Candidatou-se à presidência da República sem o apoio de nenhum partido. Não queria o poder, mas candidatou-se a Presidente...
Sabia que tinha poucas hipóteses de vencer com um candidato como o Eanes, que eu não tinha dúvida de que iria ganhar à primeira volta. Concorri para saber o que é que as minhas ideias valiam perante o povo. A ideia era uma democracia participativa, com as pessoas a participarem activamente e diariamente e não só de quatro em quatro anos.
Teve o apoio, entre outros, de Ferro Rodrigues, que mais tarde foi líder do PS.
Foi em casa dele que lancei os GDUP. Eu tinha vindo de Cuba e tinha visto essa ideia de poder popular. Eram os grupos dinamizadores de unidade popular, que surgiram como a base de apoio da candidatura, que não tinha nenhum partido a apoiá--la. Foi um êxito notável e a minha satisfação é verificar que hoje há no país gente que pertenceu aos GDUP que são presidentes de câmara. Ficou aí uma semente, que não sei se irá dar alguma erva.
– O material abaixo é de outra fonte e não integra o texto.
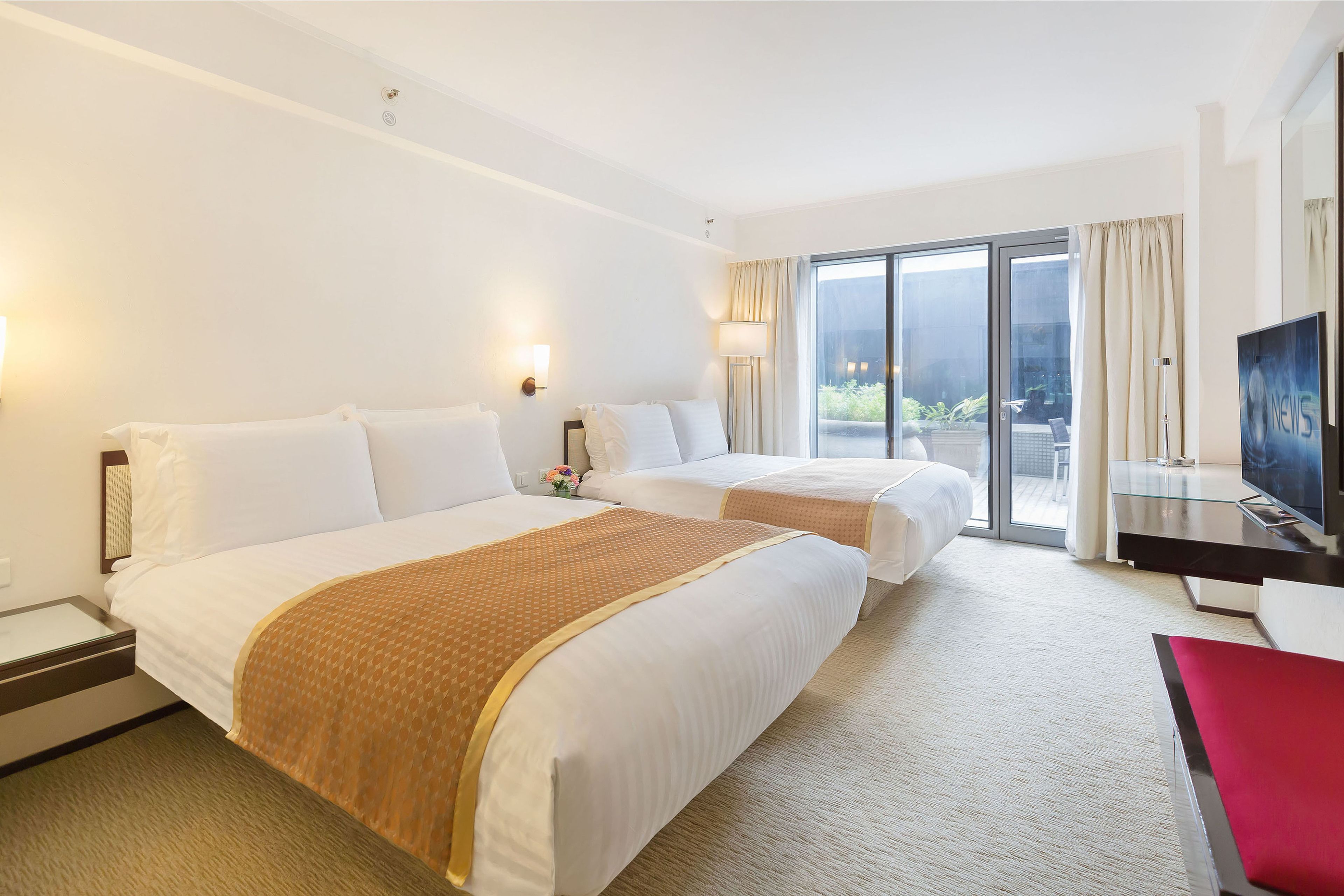 A hotel room with two beds, a TV, a desk, and a balcony with a view.
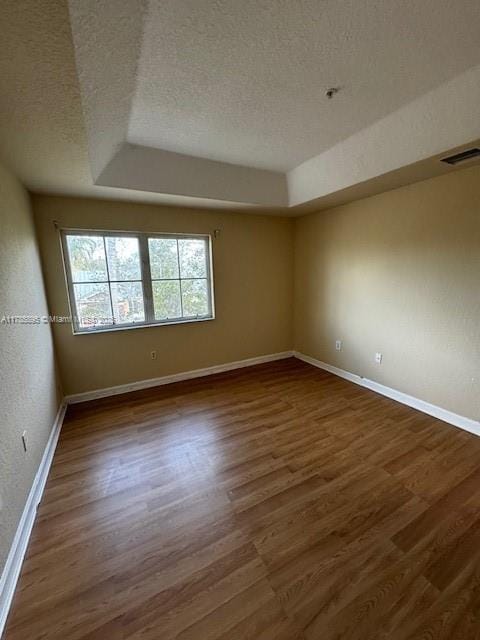 1017 Shoma Dr Unit 462, Royal Palm Beach, FL 33414 - unfurnished room featuring baseboards, wood finished floors, visible vents, and a textured ceiling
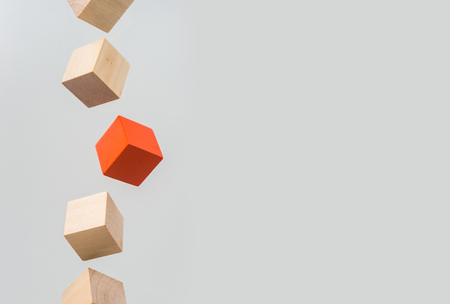 Business concept - Abstract geometric real floating wooden cube on grey background and it's not 3D render. the symbol of leadership, teamwork and growth.の写真素材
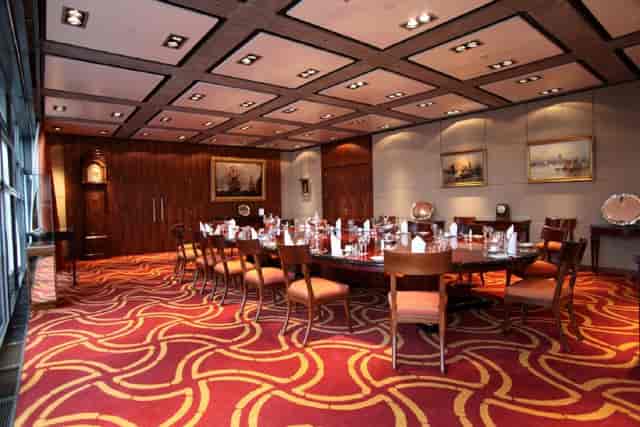 Sophisticated Boston Room at Lloyd's with an oval table for executive meetings.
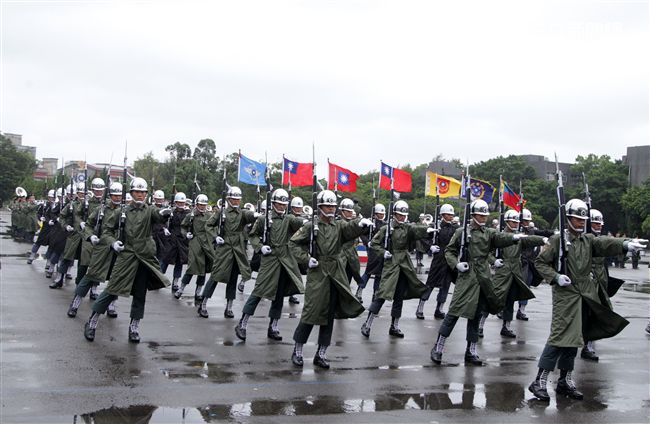 三軍儀隊穿著雨衣冒著雨為107年國慶大會預演，以幸福共好為主題操演高難度各種變換隊形。（記者邱榮吉/攝影）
Continua a culpar o PCP por ter sido preso preventivamente durante cinco anos, na sequência do caso FP-25?
Hoje não tenho dúvida nenhuma. Foi o secretariado do PCP que, quando em 84 anunciei que ia ser cabeça-de-lista da FUP [Força de Unidade Popular] por Lisboa ao parlamento, resolveu meter-me na prisão para impedir outro desastre eleitoral, como em 1976. E tenho dito isto sem que exista da parte da direcção do PCP alguma palavra em contrário.
Disse que se soubesse como o país ia ficar não tinha feito o 25 de Abril. Arrependeu-se?
Eu reportei-me à situação em que vivíamos antes do 25 de Abril para dizer que os jovens de hoje, que são obrigados a emigrar, estavam numa situação idêntica à nossa com uma guerra injusta. E o que digo é que se não tivesse havido o movimento dos capitães, eu isolado possivelmente teria sido obrigado a sair do país e não teria feito a revolução.
Vasco Lourenço diz que essa declaração é incompreensível.
Por causa dessa frase, que foi explorada como um sound byte, tenho recebido muitas mensagens a dizer que de facto a classe política pôs o país de rastos. A frase não foi bem entendida. O que eu digo é que as pessoas isoladas não conseguem um combate capaz de provocar alterações. Quando se juntam esforços então, sim, vale a pena.
Valeu a pena ter feito o 25 de Abril?
Sim, bolas. O derrube da ditadura e a possibilidade de sermos livres vale sempre a pena. É irrefutável.